The curse workers, p.9
The Curse Workers,
p.9
We would hug and cry and promise.
Emotion work fades over months and months, until a year later you feel silly about the stuff you did and said when you were worked, but you don’t forget what it was like to be glutted with those emotions.
Those were the only times I’ve ever felt safe.
* * *
Still holding the coffee, I walk outside to clear my head. One foot in front of the other. The air is cold and clean, and I suck in lungfuls like a drowning man.
Things fall out of pockets, I tell myself, and figure that before I melt down completely, I should check the car. If it’s there, wedged down in the seat or glittering on one of the floor mats, I am going to feel pretty stupid. I hope I get to feel stupid.
Impulsively I flip open my cell. There are a couple of missed calls from my mother—she must hate not being able to call me on a landline—but I ignore them and call Barron. I need someone to answer questions, someone I can trust not to protect me. The call goes right to voice mail. I stand there, hitting redial again and again, listening to the ringing. I don’t know who else to phone. Finally it occurs to me that there might be a way to call his dorm room directly.
I phone the main number for Princeton. They can’t seem to find his room, but I remember his roommate’s name.
A girl picks up, her voice throaty and soft, like the phone woke her.
“Oh, hey,” I say. “I’m looking for my brother Barron?”
“Barron doesn’t go to school here anymore,” she says.
“What?”
“He dropped out a couple of months into the year.” She sounds impatient, no longer sleepy. “You’re his brother? He left a bunch of his stuff, you know.”
“He’s forgetful.” Barron has always been forgetful, but right now forgetting seems ominous. “I can pick up whatever he left.”
“I already mailed it.” She stops speaking abruptly, and I wonder what went on between the two of them. I can’t imagine Barron dropping out of school because of a girl, but I can’t imagine Barron dropping out of Princeton for any reason. “I got tired of him promising to come get it and never showing up. He never even gave me money for the postage.”
My mind races. “The address you mailed all that stuff to—do you still have it?”
“Yeah. You sure you’re his brother?”
“It’s my fault I don’t know where he is,” I lie quickly. “After dad died I was a real brat. We had a fight at the funeral and I wouldn’t take any of his calls.” I’m amazed when my voice hitches in the right place automatically.
“Oh,” she says.
“Look, I just want to tell him how sorry I am,” I say, further embroidering my tale. I don’t know if I sound sorry. What I feel is a cold sort of dread.
I hear the rustling of papers along the line. “Do you have a pen?”
I write the address on my hand, thank her, and hang up as I walk back to the house. There I find my grandfather stacking up dozens of holiday cards he’s pulling out from behind a dresser. Glitter dusts his gloves. It’s odd how empty the rooms look stripped of junk. My footsteps echo.
“Hey,” I say. “I need the car again.”
“We still got the bedroom upstairs to do,” he says. “Besides the porch and the parlor. And even the rooms that are done we got to box up.”
I lift the phone and wave it slightly, like it’s to blame. “The doctor needs me to go back for some more tests.” Lie until even you believe it—that’s the real secret of lying. The only way to have absolutely no tells.
Too bad I’m not quite there yet.
“I thought it might be something like that,” he says with a deep sigh. I wait for him to call me out, to say that he’s already talked to the doctor or that it’s been clear to him from the start that I’m full of it. He doesn’t say any of those things; he reaches into the pocket of his jacket and tosses me the keys.

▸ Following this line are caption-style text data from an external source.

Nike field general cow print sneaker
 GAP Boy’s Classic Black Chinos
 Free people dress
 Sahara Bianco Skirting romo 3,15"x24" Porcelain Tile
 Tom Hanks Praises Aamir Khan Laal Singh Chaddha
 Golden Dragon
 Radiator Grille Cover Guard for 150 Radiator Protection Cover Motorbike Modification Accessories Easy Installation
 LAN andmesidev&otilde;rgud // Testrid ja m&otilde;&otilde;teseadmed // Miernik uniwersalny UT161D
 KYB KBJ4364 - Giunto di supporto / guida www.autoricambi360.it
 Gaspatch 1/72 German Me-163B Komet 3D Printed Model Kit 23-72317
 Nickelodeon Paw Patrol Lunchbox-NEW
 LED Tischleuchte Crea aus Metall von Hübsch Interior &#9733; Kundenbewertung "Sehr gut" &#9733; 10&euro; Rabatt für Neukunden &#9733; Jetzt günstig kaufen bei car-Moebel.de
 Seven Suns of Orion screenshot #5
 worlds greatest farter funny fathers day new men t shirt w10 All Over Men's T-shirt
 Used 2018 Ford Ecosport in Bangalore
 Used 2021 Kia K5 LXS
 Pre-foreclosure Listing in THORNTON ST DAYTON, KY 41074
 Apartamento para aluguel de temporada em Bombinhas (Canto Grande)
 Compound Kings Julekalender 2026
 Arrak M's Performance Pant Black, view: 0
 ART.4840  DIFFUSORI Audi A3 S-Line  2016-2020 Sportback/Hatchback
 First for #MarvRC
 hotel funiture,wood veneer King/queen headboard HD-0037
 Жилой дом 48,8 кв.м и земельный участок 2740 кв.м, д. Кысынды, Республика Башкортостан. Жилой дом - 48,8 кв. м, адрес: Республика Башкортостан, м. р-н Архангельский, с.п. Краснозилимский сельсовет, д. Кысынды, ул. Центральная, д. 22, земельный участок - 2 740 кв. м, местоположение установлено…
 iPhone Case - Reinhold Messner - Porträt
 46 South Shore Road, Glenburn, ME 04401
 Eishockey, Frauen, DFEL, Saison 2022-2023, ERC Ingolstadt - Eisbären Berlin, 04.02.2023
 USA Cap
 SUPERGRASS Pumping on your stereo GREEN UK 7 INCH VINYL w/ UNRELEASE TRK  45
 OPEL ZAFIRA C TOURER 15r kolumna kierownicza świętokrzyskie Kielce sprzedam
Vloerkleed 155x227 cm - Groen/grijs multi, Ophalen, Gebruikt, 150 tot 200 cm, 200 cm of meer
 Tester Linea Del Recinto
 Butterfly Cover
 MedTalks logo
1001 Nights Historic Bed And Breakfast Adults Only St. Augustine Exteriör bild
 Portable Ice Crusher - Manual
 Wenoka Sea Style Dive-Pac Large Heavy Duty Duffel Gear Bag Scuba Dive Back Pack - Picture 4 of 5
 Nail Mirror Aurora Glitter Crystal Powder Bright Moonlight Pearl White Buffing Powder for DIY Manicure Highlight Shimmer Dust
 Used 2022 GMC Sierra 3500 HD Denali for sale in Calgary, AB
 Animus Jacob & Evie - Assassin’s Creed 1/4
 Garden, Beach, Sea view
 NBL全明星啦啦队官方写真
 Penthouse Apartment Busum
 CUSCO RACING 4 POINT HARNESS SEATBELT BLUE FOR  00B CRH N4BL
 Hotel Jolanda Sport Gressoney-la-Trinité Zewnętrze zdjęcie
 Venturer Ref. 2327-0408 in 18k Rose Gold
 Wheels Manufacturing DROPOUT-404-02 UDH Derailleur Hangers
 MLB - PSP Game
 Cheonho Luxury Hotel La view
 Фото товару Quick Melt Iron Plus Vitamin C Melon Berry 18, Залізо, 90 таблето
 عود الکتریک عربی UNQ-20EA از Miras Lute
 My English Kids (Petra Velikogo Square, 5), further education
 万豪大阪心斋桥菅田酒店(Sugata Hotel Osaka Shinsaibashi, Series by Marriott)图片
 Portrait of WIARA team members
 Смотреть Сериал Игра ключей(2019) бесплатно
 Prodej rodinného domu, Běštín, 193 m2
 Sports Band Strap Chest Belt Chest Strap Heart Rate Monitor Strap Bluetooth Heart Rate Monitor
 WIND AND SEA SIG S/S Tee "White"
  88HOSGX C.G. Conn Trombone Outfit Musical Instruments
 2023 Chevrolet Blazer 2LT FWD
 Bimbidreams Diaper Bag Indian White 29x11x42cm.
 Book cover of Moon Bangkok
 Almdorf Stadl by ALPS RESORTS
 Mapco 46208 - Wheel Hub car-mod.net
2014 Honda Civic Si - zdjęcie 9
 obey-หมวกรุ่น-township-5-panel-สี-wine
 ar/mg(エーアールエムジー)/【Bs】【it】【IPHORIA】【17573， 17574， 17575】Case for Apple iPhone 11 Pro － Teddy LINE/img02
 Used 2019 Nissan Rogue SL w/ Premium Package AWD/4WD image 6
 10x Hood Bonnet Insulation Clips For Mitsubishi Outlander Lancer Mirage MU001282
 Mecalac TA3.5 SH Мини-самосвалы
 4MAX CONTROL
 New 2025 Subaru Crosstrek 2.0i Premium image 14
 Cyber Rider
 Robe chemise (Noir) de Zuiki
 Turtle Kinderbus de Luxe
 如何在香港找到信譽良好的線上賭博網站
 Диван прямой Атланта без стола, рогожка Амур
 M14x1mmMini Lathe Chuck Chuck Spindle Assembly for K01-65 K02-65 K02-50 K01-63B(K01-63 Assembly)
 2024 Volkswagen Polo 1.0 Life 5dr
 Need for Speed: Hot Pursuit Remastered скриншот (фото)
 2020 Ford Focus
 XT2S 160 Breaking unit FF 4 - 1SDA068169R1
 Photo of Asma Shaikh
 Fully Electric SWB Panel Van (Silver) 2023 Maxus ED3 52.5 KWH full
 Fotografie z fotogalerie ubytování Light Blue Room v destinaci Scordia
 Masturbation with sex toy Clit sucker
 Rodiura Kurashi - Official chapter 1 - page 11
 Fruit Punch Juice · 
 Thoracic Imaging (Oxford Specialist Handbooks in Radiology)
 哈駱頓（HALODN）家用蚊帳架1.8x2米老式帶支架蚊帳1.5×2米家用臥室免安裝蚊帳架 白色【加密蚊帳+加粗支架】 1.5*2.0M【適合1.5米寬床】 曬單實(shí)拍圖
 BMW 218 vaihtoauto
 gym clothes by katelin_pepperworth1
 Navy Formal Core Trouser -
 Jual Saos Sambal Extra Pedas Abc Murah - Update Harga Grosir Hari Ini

My amulet isn’t on the floor of Grandad’s Buick or stuck in the crease of the driver’s seat, although I do find a crumpled-up take-out bag. I stop for gas and buy more coffee and three chocolate bars. While I wait for the guy to come back with my change, I program Barron’s new address into the GPS on my phone. The place is in Trenton, on a street I’ve never been.
I don’t have much more to go on than a hunch that all the weird things—my sleepwalking, Maura’s contradictory memories, Barron’s dropping out of school without telling anyone, even the missing amulet—are related.
But as my foot presses on the gas and the car speeds faster, I feel like for the first time in a long while I’m heading in the right direction.
* * *
Lila had her fourteenth birthday party at some big hotel of her father’s in the city. It was the kind of thing where lots of workers got together, passed around envelopes that only theoretically had to do with the party, and talked about things that were better not overheard by the likes of me. Lila pulled me into her hotel room an hour before it was supposed to start. She had on a ton of glittery black makeup and an oversize shirt with a cartoon cat face on it. Her hair wasn’t pink anymore; it was white blond and spiky.
“I hate this,” she said, sitting down on the bed. Her hands were bare. “I hate parties.”
“Maybe you could drown yourself in a bucket of champagne,” I said amiably.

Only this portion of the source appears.